**Work task:** In the listing below, find the line with "4009 Midlands Rd — Photo 3" and copy every line from there up to and including the line with "Drapiertes Kleid mit", exactly and without pictures.

**Extracted information:**

-.-.-

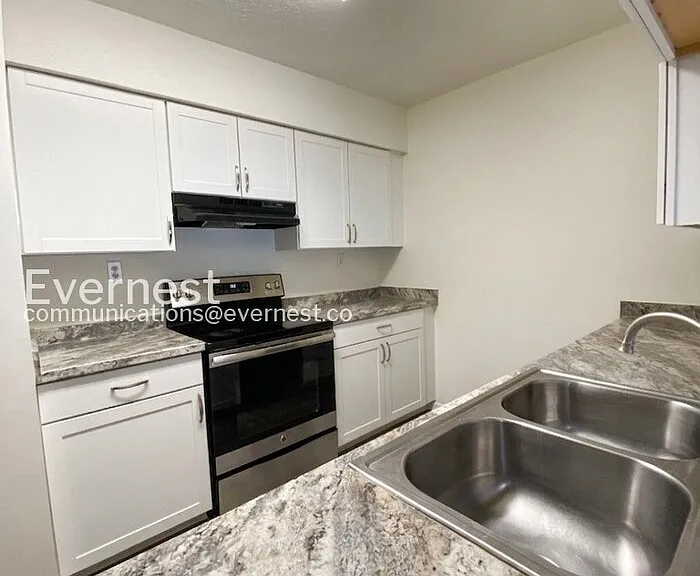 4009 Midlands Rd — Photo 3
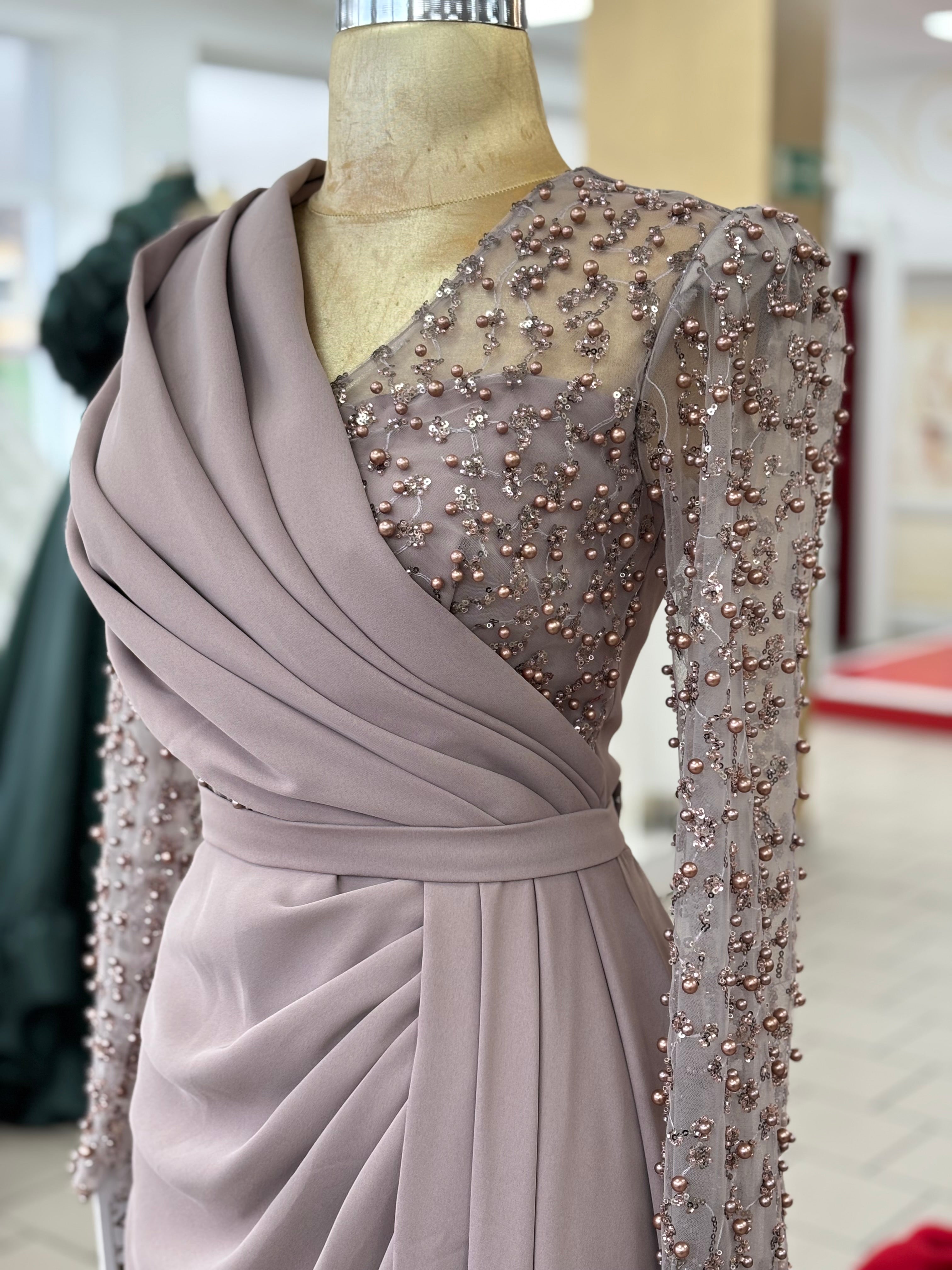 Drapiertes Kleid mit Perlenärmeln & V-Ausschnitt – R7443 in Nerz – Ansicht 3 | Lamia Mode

-.-.-

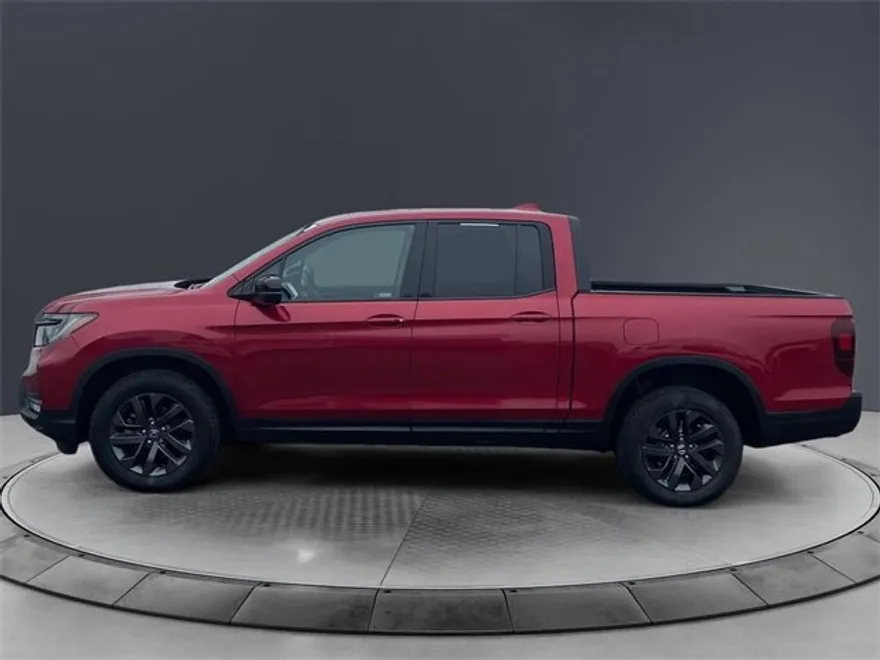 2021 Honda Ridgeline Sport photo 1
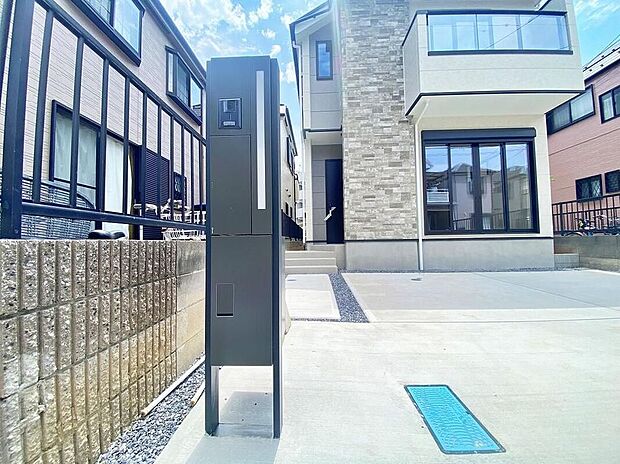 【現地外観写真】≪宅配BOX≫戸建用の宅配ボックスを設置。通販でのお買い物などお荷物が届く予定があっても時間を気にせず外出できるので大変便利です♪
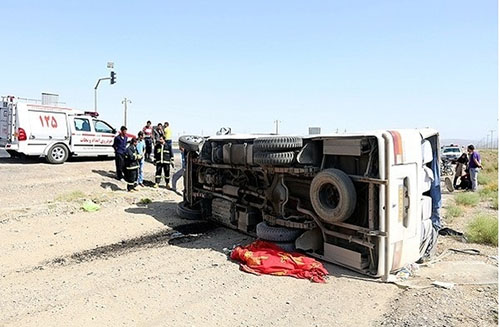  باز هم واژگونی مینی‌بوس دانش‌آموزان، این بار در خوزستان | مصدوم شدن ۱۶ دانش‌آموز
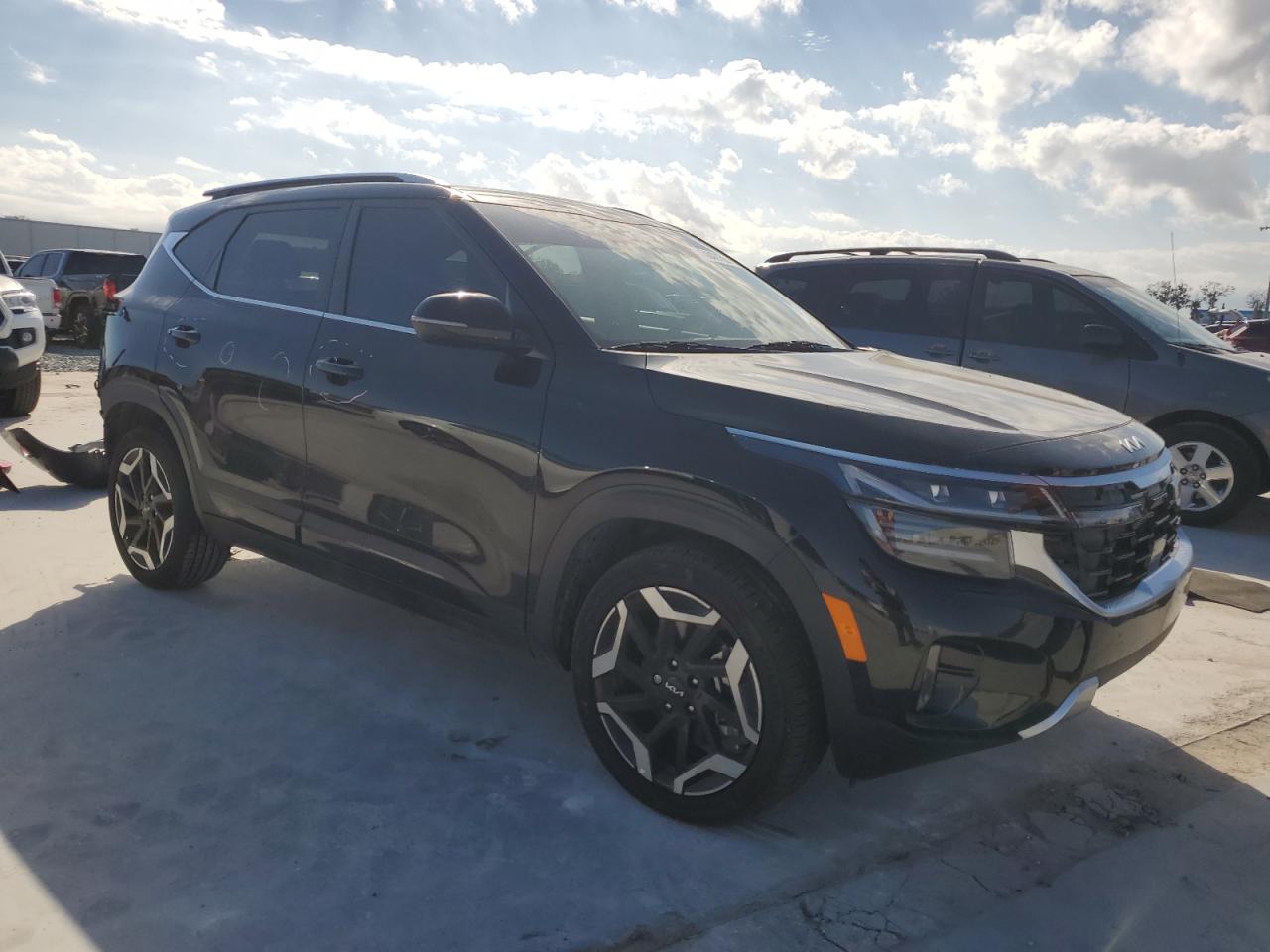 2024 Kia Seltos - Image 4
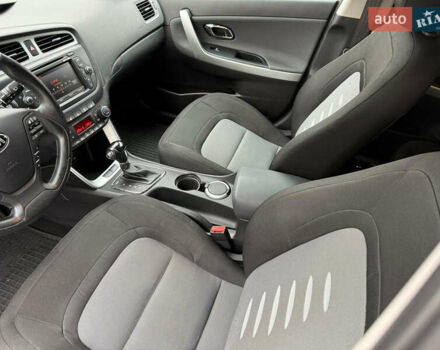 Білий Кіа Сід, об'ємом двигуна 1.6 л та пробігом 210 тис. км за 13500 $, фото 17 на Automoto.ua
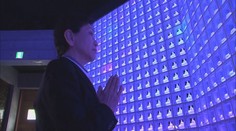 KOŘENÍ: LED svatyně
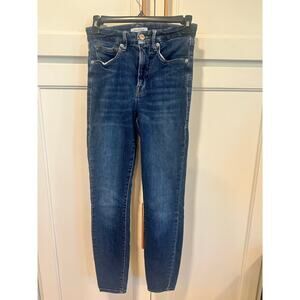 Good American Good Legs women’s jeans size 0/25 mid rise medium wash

-.-.-

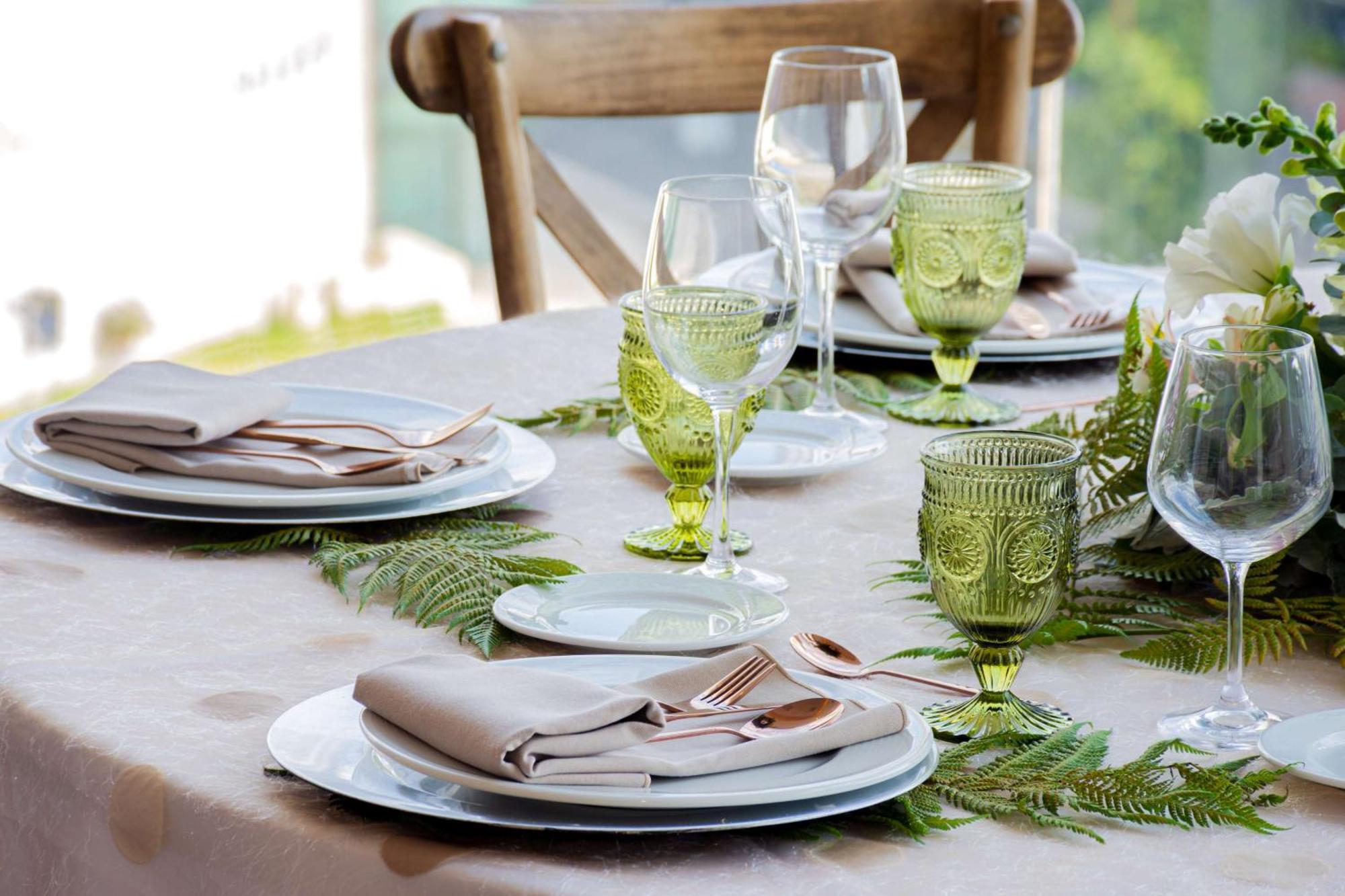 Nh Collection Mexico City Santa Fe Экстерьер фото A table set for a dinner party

-.-.-

**Solution to the problem:**
 4009 Midlands Rd — Photo 3
 Drapiertes Kleid mit Perlenärmeln & V-Ausschnitt – R7443 in Nerz – Ansicht 3 | Lamia Mode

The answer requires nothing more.